[PATCH v4] scsi: core: Fix async_scan race condition with READ_ONCE/WRITE_ONCE

Chaohai Chen posted 1 patch 1 month, 1 week ago
drivers/scsi/scsi_scan.c | 22 ++++++++--------------
include/scsi/scsi_host.h |  7 ++++---
2 files changed, 12 insertions(+), 17 deletions(-)
[PATCH v4] scsi: core: Fix async_scan race condition with READ_ONCE/WRITE_ONCE
Posted by Chaohai Chen 1 month, 1 week ago
Previously, host_lock was used to prevent bit-set conflicts in async_scan,
but this approach introduced naked reads in some code paths.

Convert async_scan from a bitfield to a bool type to eliminate bit-level
conflicts entirely.
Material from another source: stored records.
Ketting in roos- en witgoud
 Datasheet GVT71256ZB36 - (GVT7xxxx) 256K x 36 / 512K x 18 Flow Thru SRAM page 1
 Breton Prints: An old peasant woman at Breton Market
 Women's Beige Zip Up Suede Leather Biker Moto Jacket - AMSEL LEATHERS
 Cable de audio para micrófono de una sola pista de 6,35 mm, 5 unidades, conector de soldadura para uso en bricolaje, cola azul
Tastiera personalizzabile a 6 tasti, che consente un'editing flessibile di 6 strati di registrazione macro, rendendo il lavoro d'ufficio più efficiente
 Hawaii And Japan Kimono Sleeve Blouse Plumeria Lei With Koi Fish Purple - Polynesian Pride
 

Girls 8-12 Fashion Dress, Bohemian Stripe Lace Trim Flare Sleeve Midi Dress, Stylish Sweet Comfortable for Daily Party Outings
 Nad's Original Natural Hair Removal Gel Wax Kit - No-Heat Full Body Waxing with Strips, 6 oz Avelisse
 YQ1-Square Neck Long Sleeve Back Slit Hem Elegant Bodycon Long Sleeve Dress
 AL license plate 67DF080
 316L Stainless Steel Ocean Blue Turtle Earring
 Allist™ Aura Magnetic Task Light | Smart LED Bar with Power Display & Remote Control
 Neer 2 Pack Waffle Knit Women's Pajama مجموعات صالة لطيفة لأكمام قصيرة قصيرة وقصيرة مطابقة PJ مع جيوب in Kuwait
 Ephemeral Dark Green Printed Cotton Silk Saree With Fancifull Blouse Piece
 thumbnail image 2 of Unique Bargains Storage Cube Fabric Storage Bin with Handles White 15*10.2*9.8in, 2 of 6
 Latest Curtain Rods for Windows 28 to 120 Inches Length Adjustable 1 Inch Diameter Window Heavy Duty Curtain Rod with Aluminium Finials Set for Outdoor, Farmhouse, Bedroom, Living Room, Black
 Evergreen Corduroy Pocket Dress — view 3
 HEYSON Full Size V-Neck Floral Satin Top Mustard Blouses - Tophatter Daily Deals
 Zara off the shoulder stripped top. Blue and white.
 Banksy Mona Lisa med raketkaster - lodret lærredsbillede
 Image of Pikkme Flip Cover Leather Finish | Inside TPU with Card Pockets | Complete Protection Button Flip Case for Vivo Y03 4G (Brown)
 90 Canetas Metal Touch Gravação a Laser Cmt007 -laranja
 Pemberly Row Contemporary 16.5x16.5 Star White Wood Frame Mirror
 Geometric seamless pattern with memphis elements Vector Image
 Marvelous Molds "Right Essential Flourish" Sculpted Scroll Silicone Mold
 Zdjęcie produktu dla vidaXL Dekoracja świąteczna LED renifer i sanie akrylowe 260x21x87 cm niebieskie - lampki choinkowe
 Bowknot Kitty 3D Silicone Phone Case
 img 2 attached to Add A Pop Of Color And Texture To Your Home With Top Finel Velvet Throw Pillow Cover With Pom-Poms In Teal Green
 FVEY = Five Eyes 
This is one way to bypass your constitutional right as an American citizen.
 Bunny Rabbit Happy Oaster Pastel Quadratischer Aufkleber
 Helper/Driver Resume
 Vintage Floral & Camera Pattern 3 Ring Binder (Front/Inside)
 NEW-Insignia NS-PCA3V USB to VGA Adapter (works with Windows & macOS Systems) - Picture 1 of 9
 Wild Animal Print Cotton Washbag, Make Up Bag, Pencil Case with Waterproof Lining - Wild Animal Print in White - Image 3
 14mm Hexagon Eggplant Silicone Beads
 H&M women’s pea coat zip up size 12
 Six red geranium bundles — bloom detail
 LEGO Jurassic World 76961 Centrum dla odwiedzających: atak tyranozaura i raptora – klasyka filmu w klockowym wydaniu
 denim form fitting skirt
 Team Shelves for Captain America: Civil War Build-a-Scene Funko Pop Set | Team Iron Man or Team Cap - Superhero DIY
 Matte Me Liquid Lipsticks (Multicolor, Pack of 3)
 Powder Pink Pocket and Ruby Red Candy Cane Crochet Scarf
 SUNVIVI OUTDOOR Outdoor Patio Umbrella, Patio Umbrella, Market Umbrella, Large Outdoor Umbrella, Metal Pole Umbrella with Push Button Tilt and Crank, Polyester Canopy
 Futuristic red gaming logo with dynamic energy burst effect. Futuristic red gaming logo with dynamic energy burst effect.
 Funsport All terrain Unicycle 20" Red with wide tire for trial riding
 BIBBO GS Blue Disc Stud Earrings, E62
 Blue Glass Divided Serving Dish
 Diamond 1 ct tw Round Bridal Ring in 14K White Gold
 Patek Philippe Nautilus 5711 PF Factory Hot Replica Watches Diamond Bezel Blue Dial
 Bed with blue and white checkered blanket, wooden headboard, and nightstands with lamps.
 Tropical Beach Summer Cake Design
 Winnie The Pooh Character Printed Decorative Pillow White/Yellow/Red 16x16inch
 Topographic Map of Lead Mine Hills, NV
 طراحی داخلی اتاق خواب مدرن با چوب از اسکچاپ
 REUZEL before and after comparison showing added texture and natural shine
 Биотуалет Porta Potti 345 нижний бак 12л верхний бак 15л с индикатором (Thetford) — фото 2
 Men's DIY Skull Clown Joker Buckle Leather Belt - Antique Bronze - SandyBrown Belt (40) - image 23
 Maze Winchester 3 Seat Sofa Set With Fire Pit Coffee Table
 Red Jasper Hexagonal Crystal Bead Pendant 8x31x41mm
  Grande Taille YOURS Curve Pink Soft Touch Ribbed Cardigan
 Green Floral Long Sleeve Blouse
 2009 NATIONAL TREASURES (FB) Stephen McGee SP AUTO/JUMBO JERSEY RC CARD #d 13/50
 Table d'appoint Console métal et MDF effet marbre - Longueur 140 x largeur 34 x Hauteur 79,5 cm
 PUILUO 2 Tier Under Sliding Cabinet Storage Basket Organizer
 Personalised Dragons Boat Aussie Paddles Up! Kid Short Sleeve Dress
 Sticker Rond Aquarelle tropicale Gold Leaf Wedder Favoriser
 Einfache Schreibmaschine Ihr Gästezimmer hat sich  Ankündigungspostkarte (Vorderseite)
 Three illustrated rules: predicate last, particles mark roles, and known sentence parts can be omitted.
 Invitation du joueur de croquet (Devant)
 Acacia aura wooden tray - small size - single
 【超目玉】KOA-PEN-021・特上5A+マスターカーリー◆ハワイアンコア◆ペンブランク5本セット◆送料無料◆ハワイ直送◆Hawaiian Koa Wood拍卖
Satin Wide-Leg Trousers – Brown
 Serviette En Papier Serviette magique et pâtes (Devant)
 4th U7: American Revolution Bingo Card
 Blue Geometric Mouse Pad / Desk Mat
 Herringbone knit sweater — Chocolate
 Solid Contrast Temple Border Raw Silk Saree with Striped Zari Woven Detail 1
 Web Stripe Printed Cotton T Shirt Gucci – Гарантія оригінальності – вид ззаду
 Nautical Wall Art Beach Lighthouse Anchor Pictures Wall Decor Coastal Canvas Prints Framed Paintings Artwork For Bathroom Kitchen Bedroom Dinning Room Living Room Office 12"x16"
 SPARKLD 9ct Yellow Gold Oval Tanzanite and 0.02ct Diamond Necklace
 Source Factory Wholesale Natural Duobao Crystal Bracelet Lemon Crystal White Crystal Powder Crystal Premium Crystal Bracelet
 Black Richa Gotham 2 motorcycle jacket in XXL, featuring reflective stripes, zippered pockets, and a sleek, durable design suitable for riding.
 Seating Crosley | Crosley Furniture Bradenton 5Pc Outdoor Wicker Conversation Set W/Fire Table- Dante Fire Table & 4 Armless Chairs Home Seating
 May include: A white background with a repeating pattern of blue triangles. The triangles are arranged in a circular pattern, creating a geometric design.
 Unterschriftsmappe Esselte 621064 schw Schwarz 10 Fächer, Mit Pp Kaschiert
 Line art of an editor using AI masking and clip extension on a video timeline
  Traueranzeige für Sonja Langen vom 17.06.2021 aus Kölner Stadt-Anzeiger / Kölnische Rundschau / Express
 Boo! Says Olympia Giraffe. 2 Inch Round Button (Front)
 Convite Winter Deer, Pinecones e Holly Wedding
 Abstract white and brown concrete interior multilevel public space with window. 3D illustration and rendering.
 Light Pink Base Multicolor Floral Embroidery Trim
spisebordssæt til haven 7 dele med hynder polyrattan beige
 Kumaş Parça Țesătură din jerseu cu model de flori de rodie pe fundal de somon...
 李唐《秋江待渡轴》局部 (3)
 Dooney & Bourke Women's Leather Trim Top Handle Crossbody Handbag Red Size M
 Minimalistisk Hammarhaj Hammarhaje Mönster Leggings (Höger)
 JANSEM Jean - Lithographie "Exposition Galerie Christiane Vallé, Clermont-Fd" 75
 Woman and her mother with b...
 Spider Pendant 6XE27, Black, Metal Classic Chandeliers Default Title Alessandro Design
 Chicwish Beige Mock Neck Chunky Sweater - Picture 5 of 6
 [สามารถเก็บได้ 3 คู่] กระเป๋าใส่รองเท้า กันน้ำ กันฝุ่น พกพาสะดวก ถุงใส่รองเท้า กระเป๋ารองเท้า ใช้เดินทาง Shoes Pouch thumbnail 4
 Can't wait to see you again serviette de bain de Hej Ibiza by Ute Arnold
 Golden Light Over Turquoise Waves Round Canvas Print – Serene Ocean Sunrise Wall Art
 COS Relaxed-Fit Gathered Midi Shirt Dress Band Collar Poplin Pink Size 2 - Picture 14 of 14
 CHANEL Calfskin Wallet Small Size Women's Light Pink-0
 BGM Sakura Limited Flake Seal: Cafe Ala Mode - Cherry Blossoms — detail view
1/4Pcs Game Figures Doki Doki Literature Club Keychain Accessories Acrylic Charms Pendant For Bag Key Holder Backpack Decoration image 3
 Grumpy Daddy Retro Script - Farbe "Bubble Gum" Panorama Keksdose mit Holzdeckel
Use READ_ONCE() and WRITE_ONCE() to ensure proper
memory ordering on Alpha and satisfy KCSAN requirements.

Signed-off-by: Chaohai Chen <wdhh6@aliyun.com>
---

v1->v3:
- use READ_ONCE()/WRITE_ONCE() to fix the issue. (Christoph Hellwig, Damien Le Moal)

v3->v4:
- move async_scan before the bit field in the structure to avoid holes.(Damien Le Moal)

 drivers/scsi/scsi_scan.c | 22 ++++++++--------------
 include/scsi/scsi_host.h |  7 ++++---
 2 files changed, 12 insertions(+), 17 deletions(-)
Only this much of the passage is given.